“No real estate is permanently valuable but the grave.” Mark Twain might have thought twice about writing that had he lived in Singapore in 2011. I like learning about the ways of life in my adopted country and never thought much about death rituals here. However, when J came home from work exclaiming, “I heard cemeteries here rent burial plots!” I knew I had to dig deeper.
To begin my search, I let my fingers do the walking. I looked for funeral directors in the Yellow Pages (yes, the city-state has the same exact Yellow Pages and logo as in America). As I suspected, there were mostly Chinese establishments, but three names caught my eye: Casket Fairprice, The Resting Place, and Singapore Funeral Services (SFS). From the casket to the grave, these full-service companies have it all. SFS even has a Facebook page and a YouTube video.
One look at the three funeral directors’ websites showed me just how religiously diverse the local population is. Funeral services are available for Hindu, Muslim, Taoist, Buddhist, and Christian. If I searched longer I probably would have found a funeral package for Jainism. Cremation and columbarium are options as well as burials at sea (ashes only). Descriptions and prices were listed but no mention of burial plot rental fees.

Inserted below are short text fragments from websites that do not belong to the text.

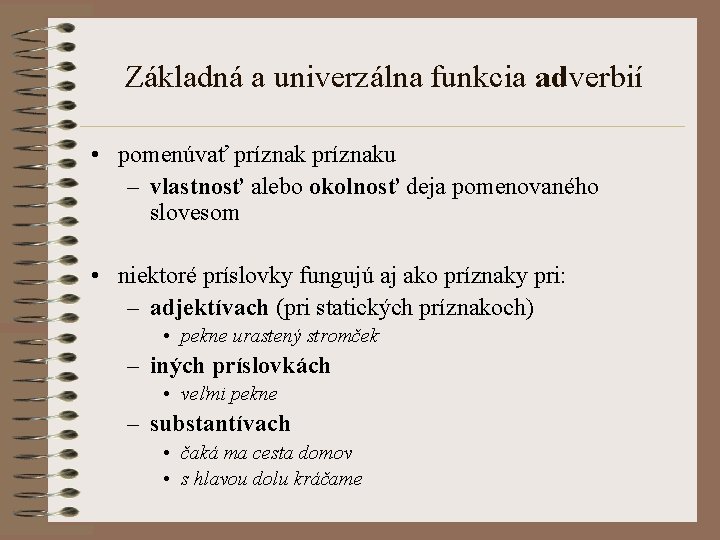 Základná a univerzálna funkcia adverbií • pomenúvať príznaku – vlastnosť alebo okolnosť deja pomenovaného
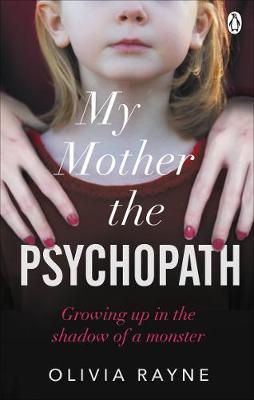 My Mother, the Psychopath : Growing up in the shadow of a monster - BookMarket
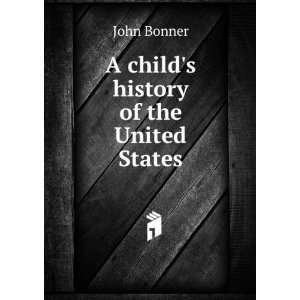  A childs history of the United States John Bonner Books
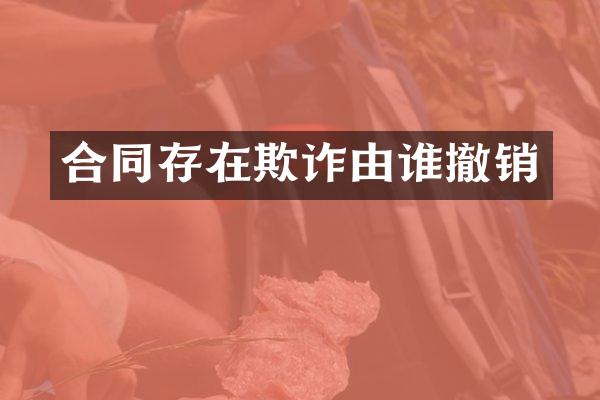 合同存在欺诈由谁撤销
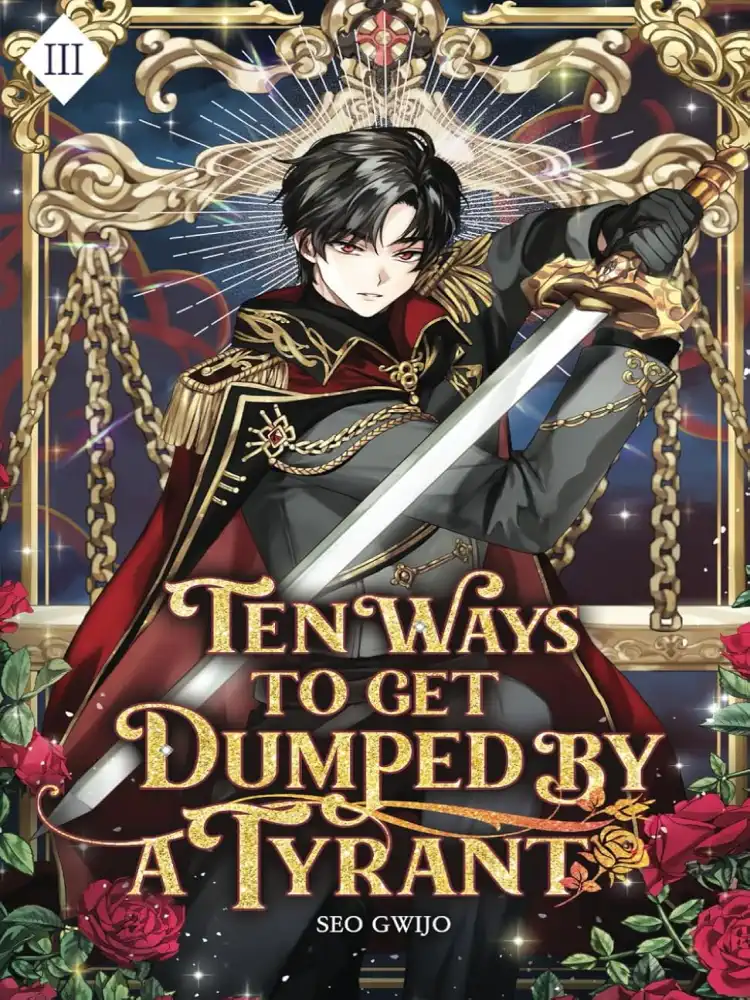 9781959742234 Ten Ways to Get Dumped by a Tyrant (Light Novel) Volume 03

With thoughts of a lease on the afterlife, J & I visited an abandoned Chinese cemetery. It wasn’t as if we expected to find For Rent or To Let signs dotted about the place. We heard Bukit Brown was more of a nature preserve than a cemetery. A personal deed to the land has kept it from joining the fate of 21 other cemeteries on the island. Land, being at a premium, and cemeteries considered a waste of space; hundreds of thousands of graves have been cleared to make way for public housing. Alas, “permanence” has an asterisk in Singapore.
Our driver dropped us off at the base of Bukit Brown. Many locals are intensely spiritual about cemeteries and only visit their dead relatives during the Ching Ming Festival or Hungry Ghosts Festival. The cabbie made no bones about it; he wouldn’t drop us off at the entrance. Thinking about the moved graves, we were feeling spiritual, too. We instantly quoted the scene in Poltergeist when Craig T. Nelson says, “You moved the cemetery, but you left the bodies!” Since Bukit Brown is still a graveyard, we laid our worries to rest.

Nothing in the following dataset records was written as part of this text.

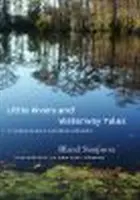 Little Rivers and Waterway Tales: A Carolinian's Eastern Streams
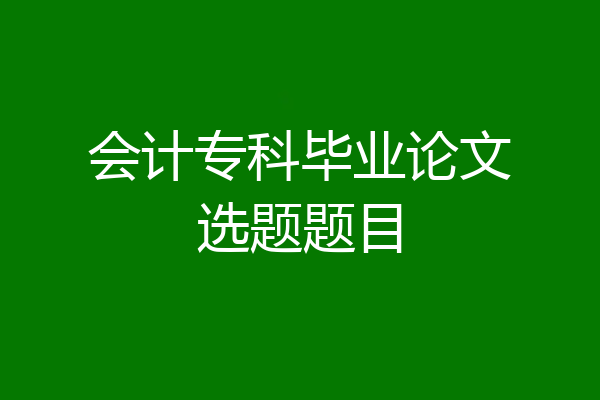 会计专科毕业论文选题题目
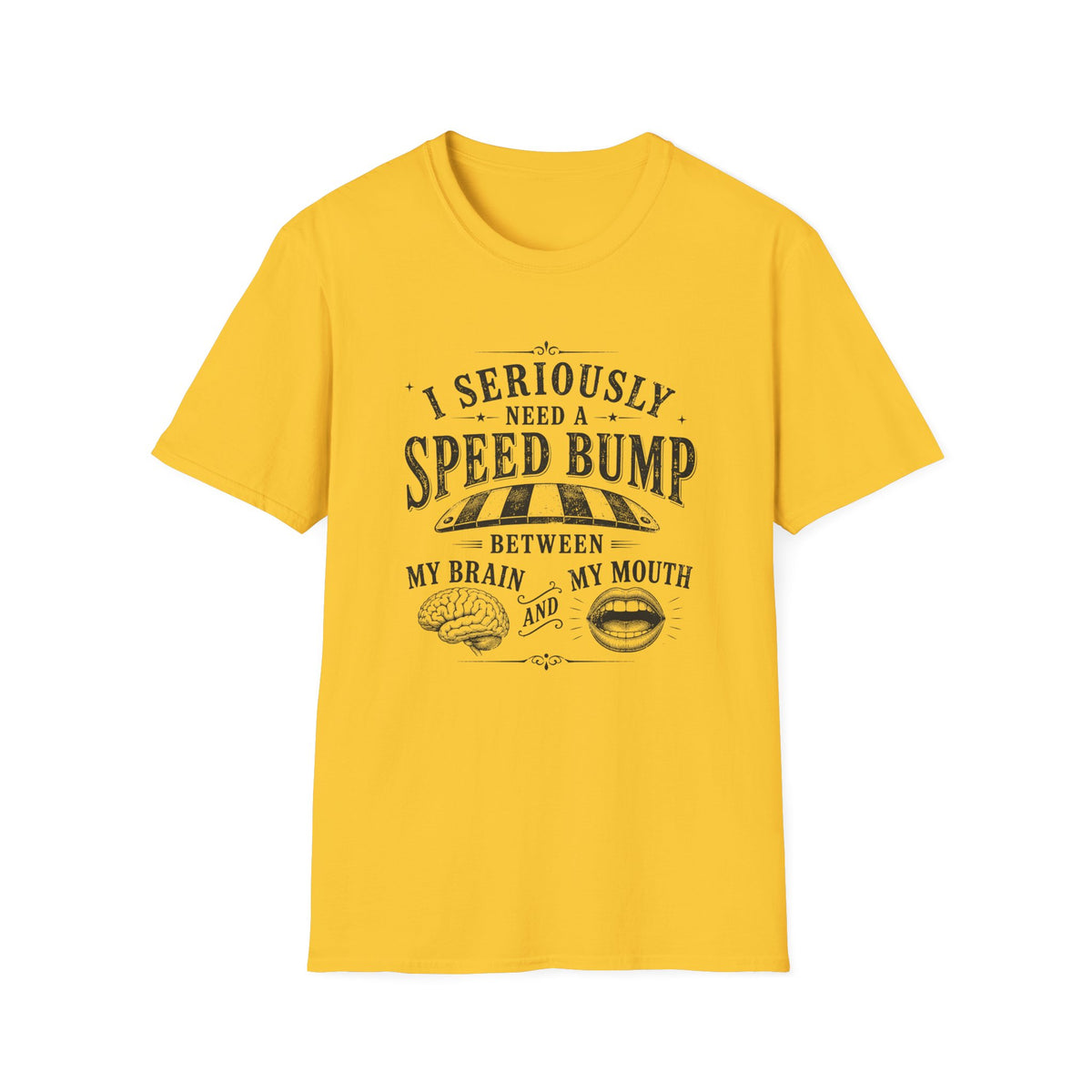 I Need a Speedbump T-Shirt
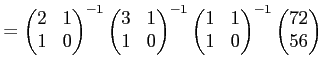 $\displaystyle = \begin{pmatrix}2 & 1 1 & 0 \end{pmatrix}^{-1} \begin{pmatrix}...
...n{pmatrix}1 & 1 1 & 0 \end{pmatrix}^{-1} \begin{pmatrix}72 56 \end{pmatrix}$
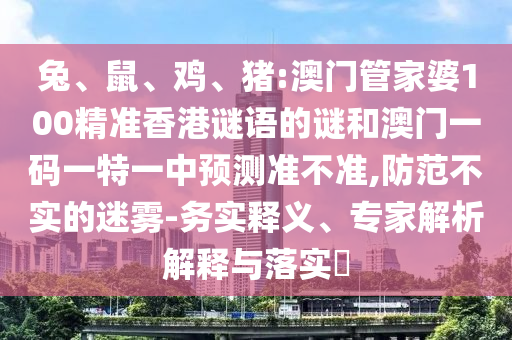 兔、鼠、雞、豬:澳門管家婆100精準香港謎語的謎和澳門一碼一特一中預測準不準,防范不實的迷霧-務實釋義、專家解析解釋與落實?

It was an enchanting place to have a stroll. The creeping jungle covered the old monuments and statues. A variety of birds flew and sang as expats exercised along the winding paths. Each grave site was formed by a low lying wall in the shape of a horseshoe. A headstone stood in the open end with a little stand for burning incense. The plots were scattered about the acreage in no special order that we could divine. The sprawling cemeteries and the need for land led the government to create the official New Burial System (NBS).
I unearthed the information about the NBS on the National Environmental Agency (NEA) website. Much like its US environmental counterpart, the NEA is responsible for everything green while maintaining the country’s development and quality of life. This government agency also licenses the funeral directors, crematoriums and columbaria. The NBS instructs the burial procedure while the NEA manages the process.
The grave conditions are clear. Out of the three remaining sites, Choa Chu Kang Government Cemetery is “the only cemetery in Singapore still open for business.” The plot itself isn’t dirt, rather it is a concrete crypt designed to “save space and make the cemetery more accessible.” On the day of a burial, next-of-kin pays a burial fee of $940 to the NEA. This secures a 15-year lease. When the lease is up, the remains are exhumed. If religion forbids cremation, then another site and lease will be made available. If not, the exhumed body is cremated. The ashes are delivered to the family or placed in a columbarium niche or prepared for a burial at sea. Together, the NBS and the NEA guarantees the cemetery land to last until 2130.
Death in Singapore is quite an undertaking!